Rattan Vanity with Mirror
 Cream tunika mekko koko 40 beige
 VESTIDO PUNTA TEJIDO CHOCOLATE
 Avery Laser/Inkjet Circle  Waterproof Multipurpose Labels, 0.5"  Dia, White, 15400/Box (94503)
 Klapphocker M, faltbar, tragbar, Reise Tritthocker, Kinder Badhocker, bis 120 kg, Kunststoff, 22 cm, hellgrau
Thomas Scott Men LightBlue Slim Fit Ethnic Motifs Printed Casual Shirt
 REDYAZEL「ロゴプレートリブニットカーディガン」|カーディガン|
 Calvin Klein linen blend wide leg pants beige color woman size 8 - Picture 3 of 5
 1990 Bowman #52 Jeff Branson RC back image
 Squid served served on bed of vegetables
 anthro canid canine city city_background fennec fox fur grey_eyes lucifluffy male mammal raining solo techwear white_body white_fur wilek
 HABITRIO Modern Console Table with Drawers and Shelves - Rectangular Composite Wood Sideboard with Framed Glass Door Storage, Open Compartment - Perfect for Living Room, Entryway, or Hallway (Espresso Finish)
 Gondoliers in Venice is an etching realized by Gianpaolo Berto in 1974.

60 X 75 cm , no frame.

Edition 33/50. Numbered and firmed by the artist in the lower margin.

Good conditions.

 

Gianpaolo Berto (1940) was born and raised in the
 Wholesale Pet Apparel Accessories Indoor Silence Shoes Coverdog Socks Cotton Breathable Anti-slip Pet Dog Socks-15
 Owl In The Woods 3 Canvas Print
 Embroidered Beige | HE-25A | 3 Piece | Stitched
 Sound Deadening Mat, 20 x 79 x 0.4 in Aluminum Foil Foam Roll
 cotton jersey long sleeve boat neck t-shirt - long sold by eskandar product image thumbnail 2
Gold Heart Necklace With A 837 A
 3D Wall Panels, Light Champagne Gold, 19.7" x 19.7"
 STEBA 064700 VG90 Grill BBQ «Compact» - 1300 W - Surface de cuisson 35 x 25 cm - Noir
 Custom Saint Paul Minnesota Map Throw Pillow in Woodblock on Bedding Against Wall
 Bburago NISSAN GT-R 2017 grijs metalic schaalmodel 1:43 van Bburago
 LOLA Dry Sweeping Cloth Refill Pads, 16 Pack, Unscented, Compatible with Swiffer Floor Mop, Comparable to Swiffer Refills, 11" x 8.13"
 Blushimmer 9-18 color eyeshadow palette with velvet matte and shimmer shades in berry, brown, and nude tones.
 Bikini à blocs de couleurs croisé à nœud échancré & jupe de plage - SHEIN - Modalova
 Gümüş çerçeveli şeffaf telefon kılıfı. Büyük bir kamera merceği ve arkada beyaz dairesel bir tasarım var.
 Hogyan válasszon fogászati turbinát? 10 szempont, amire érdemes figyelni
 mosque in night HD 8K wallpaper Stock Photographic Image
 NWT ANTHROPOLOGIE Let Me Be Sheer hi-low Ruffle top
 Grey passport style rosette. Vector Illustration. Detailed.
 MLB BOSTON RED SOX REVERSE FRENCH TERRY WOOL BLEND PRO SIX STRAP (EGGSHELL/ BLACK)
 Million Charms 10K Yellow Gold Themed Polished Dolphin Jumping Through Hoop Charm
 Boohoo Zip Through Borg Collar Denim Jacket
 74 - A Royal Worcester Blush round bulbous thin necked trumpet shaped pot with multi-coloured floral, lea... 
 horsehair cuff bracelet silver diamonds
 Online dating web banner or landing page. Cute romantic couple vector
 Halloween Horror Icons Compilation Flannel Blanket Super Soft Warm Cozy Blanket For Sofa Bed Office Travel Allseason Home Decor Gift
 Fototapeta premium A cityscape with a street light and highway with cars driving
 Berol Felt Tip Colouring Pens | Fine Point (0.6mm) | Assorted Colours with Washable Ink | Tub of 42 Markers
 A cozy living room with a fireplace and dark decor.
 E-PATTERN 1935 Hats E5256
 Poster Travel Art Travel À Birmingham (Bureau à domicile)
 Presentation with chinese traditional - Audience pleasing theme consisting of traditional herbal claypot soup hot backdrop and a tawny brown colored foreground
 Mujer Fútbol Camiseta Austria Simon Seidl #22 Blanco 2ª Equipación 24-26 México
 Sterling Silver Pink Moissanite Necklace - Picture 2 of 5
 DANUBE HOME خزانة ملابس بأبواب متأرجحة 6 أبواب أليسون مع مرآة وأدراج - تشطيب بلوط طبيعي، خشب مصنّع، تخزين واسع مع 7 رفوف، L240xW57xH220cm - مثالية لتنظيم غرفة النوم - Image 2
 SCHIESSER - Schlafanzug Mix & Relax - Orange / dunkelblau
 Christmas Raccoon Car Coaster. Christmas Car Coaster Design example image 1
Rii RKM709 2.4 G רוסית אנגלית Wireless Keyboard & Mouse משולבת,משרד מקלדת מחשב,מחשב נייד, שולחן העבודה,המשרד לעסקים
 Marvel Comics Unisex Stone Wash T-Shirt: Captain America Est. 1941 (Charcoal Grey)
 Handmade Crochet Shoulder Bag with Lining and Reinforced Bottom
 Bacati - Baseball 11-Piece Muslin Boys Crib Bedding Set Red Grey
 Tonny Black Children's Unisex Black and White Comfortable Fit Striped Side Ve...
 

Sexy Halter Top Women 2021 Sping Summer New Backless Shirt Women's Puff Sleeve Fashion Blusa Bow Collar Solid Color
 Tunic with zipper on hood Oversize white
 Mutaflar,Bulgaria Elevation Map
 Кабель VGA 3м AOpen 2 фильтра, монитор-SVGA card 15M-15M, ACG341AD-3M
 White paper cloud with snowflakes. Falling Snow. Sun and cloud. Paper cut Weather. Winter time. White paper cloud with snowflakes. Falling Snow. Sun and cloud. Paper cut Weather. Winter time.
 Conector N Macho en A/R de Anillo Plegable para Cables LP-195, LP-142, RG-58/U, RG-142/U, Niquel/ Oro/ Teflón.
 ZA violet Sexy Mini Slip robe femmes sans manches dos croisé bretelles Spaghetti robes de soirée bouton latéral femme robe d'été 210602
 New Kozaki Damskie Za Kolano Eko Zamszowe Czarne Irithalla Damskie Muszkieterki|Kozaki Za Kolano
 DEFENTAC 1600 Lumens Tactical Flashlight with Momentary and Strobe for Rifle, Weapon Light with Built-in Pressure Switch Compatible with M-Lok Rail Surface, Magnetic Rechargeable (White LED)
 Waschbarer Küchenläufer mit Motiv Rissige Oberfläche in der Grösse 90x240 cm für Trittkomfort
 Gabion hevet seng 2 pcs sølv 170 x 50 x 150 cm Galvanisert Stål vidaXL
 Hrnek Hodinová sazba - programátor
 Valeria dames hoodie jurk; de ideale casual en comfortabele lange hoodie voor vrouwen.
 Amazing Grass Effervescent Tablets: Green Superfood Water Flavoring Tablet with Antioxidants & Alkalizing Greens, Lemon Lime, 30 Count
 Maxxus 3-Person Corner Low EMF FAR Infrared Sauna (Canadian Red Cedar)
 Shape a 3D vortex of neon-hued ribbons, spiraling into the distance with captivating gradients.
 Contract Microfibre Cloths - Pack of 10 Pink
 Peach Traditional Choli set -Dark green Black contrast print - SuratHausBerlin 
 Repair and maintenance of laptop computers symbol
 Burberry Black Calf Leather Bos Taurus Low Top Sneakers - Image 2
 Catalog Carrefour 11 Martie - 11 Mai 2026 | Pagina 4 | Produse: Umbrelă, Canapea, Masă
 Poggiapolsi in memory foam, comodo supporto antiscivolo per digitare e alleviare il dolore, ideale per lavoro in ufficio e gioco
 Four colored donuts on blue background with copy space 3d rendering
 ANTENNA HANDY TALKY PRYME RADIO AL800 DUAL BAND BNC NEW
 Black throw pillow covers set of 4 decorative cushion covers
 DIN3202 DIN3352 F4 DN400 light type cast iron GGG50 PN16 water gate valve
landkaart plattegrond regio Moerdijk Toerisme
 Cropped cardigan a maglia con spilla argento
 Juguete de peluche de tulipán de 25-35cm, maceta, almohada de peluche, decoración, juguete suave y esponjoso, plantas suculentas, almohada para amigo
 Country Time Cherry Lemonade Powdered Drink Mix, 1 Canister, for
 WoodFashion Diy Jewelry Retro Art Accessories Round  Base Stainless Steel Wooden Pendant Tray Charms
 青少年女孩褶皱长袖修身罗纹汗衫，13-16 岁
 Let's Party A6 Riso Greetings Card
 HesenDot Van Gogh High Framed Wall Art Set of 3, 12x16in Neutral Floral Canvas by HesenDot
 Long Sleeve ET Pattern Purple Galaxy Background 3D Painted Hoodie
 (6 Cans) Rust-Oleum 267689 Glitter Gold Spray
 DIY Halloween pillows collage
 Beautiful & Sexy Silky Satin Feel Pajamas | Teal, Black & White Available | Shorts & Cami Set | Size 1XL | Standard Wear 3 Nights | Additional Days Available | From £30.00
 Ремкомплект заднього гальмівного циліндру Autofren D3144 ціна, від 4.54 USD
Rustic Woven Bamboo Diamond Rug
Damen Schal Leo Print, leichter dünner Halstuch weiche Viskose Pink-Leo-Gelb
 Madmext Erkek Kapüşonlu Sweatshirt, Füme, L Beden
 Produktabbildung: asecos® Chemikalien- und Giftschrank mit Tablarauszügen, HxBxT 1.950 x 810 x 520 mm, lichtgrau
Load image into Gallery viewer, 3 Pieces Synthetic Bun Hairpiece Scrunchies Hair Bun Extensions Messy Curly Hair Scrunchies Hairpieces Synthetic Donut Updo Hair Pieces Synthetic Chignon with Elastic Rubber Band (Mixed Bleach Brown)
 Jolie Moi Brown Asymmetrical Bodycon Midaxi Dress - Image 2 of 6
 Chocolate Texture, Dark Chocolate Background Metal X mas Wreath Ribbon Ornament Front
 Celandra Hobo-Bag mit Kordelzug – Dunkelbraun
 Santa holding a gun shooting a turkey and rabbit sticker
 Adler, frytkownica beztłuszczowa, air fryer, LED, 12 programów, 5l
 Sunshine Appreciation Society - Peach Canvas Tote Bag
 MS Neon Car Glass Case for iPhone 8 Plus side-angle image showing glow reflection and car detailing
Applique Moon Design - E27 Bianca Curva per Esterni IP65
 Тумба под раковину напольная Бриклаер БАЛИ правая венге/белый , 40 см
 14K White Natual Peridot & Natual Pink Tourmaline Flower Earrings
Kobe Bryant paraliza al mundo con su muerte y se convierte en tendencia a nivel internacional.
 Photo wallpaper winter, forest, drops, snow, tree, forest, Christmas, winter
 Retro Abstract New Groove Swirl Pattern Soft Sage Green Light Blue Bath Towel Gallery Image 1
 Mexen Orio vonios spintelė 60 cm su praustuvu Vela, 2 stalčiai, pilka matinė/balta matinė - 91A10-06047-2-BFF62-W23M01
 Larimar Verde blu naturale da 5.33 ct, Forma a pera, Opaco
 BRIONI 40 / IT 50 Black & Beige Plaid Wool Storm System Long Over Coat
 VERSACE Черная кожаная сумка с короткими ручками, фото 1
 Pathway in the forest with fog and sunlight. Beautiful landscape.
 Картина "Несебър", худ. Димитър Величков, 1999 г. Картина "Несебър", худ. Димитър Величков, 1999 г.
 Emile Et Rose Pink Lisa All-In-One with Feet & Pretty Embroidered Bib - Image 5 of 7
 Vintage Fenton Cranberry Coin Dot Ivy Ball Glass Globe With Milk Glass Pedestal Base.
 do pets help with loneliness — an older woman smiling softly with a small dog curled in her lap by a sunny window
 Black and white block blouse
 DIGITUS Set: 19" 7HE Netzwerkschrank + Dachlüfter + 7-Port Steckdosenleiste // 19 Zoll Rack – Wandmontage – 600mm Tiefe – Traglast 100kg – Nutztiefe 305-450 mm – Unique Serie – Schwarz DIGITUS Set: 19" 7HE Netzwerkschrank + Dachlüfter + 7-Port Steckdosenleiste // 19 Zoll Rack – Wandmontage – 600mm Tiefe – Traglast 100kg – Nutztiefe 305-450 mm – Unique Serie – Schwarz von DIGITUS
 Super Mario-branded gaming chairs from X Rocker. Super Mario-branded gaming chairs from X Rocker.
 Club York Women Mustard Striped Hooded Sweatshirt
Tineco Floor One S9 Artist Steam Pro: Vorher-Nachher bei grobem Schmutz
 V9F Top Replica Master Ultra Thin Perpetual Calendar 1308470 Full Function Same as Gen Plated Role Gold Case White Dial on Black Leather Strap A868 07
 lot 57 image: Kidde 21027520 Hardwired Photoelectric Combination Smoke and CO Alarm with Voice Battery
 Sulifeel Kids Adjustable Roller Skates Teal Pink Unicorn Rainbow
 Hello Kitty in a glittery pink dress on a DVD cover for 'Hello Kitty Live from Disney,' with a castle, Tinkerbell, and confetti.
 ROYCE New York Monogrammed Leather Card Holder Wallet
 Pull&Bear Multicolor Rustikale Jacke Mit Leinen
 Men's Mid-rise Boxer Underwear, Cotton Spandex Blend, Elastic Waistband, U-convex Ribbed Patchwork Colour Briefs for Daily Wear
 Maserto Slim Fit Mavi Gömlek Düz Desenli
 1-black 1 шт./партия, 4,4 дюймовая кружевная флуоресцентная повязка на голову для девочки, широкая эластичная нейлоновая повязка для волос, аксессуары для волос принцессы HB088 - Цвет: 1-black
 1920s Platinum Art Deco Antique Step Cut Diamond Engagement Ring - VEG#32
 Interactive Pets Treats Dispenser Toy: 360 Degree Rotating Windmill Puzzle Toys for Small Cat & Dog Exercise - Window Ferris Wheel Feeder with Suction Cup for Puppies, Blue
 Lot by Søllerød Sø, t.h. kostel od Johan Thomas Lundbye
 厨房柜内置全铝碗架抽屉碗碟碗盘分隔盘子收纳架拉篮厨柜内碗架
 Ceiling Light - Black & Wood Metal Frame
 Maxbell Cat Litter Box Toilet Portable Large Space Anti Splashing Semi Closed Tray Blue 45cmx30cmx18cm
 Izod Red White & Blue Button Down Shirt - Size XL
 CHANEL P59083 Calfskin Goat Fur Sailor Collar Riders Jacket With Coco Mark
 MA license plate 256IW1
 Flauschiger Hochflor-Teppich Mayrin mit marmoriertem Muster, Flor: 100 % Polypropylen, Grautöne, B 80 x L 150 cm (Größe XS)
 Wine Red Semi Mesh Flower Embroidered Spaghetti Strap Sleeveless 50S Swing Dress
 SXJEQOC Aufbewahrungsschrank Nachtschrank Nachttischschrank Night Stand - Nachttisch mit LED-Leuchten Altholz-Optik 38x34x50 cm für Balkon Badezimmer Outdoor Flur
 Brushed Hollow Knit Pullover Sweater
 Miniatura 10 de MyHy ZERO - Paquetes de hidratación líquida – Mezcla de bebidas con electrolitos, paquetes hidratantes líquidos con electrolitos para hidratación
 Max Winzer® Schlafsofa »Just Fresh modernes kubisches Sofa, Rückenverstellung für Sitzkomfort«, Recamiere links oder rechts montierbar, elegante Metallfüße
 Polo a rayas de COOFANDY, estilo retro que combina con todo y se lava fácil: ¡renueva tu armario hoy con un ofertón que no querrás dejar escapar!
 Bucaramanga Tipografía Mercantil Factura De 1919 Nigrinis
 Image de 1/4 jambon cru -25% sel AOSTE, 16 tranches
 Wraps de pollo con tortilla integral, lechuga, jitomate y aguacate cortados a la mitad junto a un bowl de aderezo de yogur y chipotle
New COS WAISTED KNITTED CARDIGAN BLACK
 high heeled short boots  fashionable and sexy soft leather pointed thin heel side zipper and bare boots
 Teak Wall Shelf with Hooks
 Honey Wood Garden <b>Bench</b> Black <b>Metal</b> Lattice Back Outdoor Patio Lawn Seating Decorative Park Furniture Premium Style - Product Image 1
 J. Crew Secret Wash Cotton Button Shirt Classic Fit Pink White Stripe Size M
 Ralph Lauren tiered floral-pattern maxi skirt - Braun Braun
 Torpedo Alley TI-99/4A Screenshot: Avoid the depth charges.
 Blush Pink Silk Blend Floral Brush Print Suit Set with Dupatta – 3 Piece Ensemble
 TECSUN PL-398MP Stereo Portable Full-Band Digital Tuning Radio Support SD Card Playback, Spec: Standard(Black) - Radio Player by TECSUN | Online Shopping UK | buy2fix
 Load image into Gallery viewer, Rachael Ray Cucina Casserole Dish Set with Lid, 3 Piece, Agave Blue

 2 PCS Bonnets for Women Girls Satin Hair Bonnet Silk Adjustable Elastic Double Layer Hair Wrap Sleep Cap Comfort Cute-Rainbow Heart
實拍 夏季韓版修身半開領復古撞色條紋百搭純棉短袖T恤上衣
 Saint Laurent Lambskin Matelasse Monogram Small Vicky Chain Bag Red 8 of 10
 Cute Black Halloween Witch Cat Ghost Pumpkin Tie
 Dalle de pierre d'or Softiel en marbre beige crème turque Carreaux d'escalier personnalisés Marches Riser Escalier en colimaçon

Instructions for the task:
Give back exactly the lines above, from the line containing "J. Crew Secret" through the line containing "Blush Pink Silk", with both end lines and nothing more.

Task response:
 J. Crew Secret Wash Cotton Button Shirt Classic Fit Pink White Stripe Size M
 Ralph Lauren tiered floral-pattern maxi skirt - Braun Braun
 Torpedo Alley TI-99/4A Screenshot: Avoid the depth charges.
 Blush Pink Silk Blend Floral Brush Print Suit Set with Dupatta – 3 Piece Ensemble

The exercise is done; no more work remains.